I hope they know what they’re doing – this would have been a great place to drink a beer.

The A Mill project in this initial phase is merely a reuse of a historic structure; this sort of development typically requires a lot of variances because historic structures were usually built before the zoning code was adopted, but since the structures already exist, these variances tend to be less controversial than they would be for a new structure that’s built to look like a historic structure.  From what I can tell from the complicated site plan, only a couple small additions would be made to the existing A Mill complex to accommodate a parking structure that would somehow be wedged into the center courtyard and mostly buried below the existing ground profile.  So here we run up against the City’s annoying practice of not publishing the actual appeal being heard in the Z & P meeting, and our only clue to the reason for the appeal is that the appellant is Kathleen Flynn Peterson.  They tossed us a bone in the form of the Planning Commission minutes, where Ms Peterson complained at length about the City’s process and made no comment on the form or use of the structure, which is the only thing the Planning Commission (or its appellate body the Z & P committee) has any say on.  As I mentioned last week, I have wistful feelings for the potential of past proposals for this site, but the only thing I don’t like about the current proposals are that they seem to waste the commercial potential of the location on the only beautiful street in Minneapolis.  My guess is this appeal will be denied, and the only significant hurdle the A Mill redevelopment will face will be at the Community Development committee meeting where the project’s financing will be debated.

Groovy plaza man

Peavey Plaza‘s last stand will be taken at the May 17th Z & P, where an appeal from Steve Kotke, the director of Public Works, will seek to overturn the Historic Preservation Commission’s decision to delay the demolition of the architectural gem for six months.  It’s sort of ironic that the City is now trying to destroy a historic resource that it claims is too expensive to rehab because it neglected to properly maintain it for decades, basically the exact situation for which the City created the Historic Preservation Commission, obviously thinking only of when slumlords do it, not major corporations/campaign donors.  My guess is that staff is too busy pretending that the bland proposed replacement has anything to do with the serene original to notice the irony.  It may not surprise you that I’m opposed to the demolition, but I expect the appeal to be upheld and our last chance to enjoy Peavey Plaza to arrive shortly.

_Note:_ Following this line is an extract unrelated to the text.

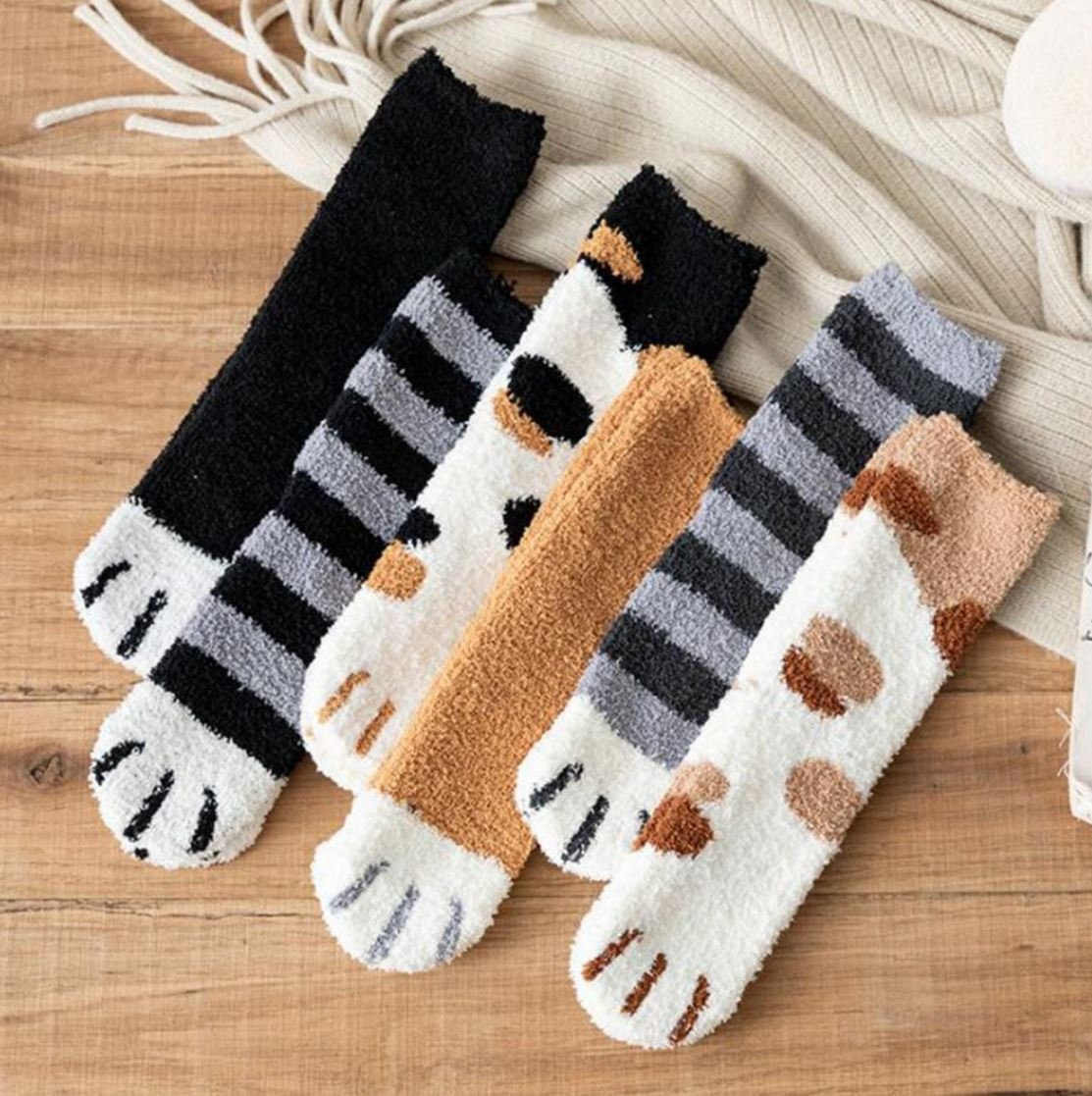 Winter Cat Socks International Shipping | Etsy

A substandard, tax-forfeited lot fit for a founding father

Emiliano Zapata probably isn’t used to being the least controversial one around, but at this Z & P committee he may be.  But don’t worry, Emy, that doesn’t mean you’re the least interesting.  Apparently a statue of the founding father of the modern Mexican republic was donated to Minneapolis by the state of Morelos, home to our sister city of Cuernavaca, but no place was ever found for it and it seems to have languished in a supermercado up till now.  Soon it will join such luminaries as my first love Mary Tyler Moore and popular 19th century violinist Ole Bull and be displayed in a public space, a narrow tax-forfeited lot at 12th and East Lake.  But is .08 acres really enough space for this huge figure in the history of our neighbor to the south?  It seems like this might be the ideal place to create Minneapolis’ first reclaimed street plaza.  12th Ave S has T-alleys on both sides, so car access can still be preserved.  Just use planters to block off the space between the alleys and Lake St and you’ll have something closer to the grand plaza Zapata deserves (but small enough to program the smaller, temporary uses suited to reclaimed space without feeling too empty).

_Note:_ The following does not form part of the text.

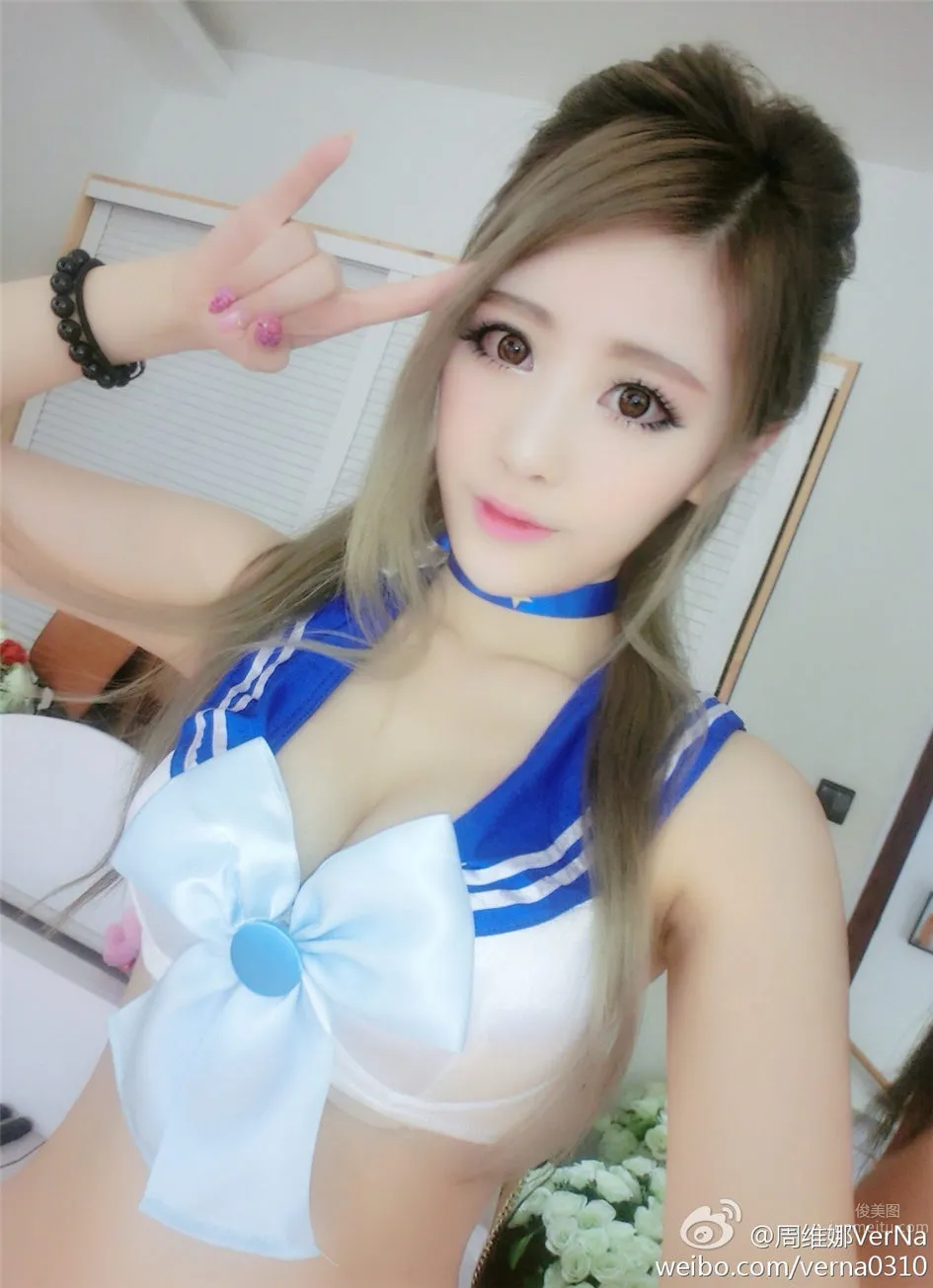 周維娜VerNa- ShowGirl微博自拍圖片 8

More space to roam for Zapata

Reclaiming street space for recreation and biking and walking?  Sounds like I tied it back in to transportation.  Viva Zoning and Planning!

Let’s get drunk and eat chicken fingers

Maybe Minneapolis doesn't have the market cornered on being confusing

This may surprise some readers of this blog, but the emotion I most often feel about Minneapolis is not anger, it’s confusion.  How come we were broke for the last ten years but now we have hundreds of millions of dollars for a stadium?  How can residents protest their property taxes one day and then protest against a proposed building that would shoulder some of their tax burden the next day?

One of the perpetually mystifying aspects of Minneapolis is its liquor laws, which I suppose is fitting for the state that gave birth to the Prohibition.  Those laws are so confusing that even a talented blogger like Anders at Our Uptown took five posts last year to explain them; they’re worth re-reading as the legislature considers a bill exempting from those confusing laws a Northside liquor store that would like to move across the street after its building was demolished in last year’s tornado.

The story reports that “officials” say the relocation runs afoul of the arbitrary requirement that liquor stores be located within 5 contiguous acres of commercial zoning.  The current location, being contiguously zoned for commercial with its successor, would also fail that test, but apparently operated as a liquor store before the city charter was amended with this confusing provision in 1974.

Use this easy map to find a place for your very own liquor store!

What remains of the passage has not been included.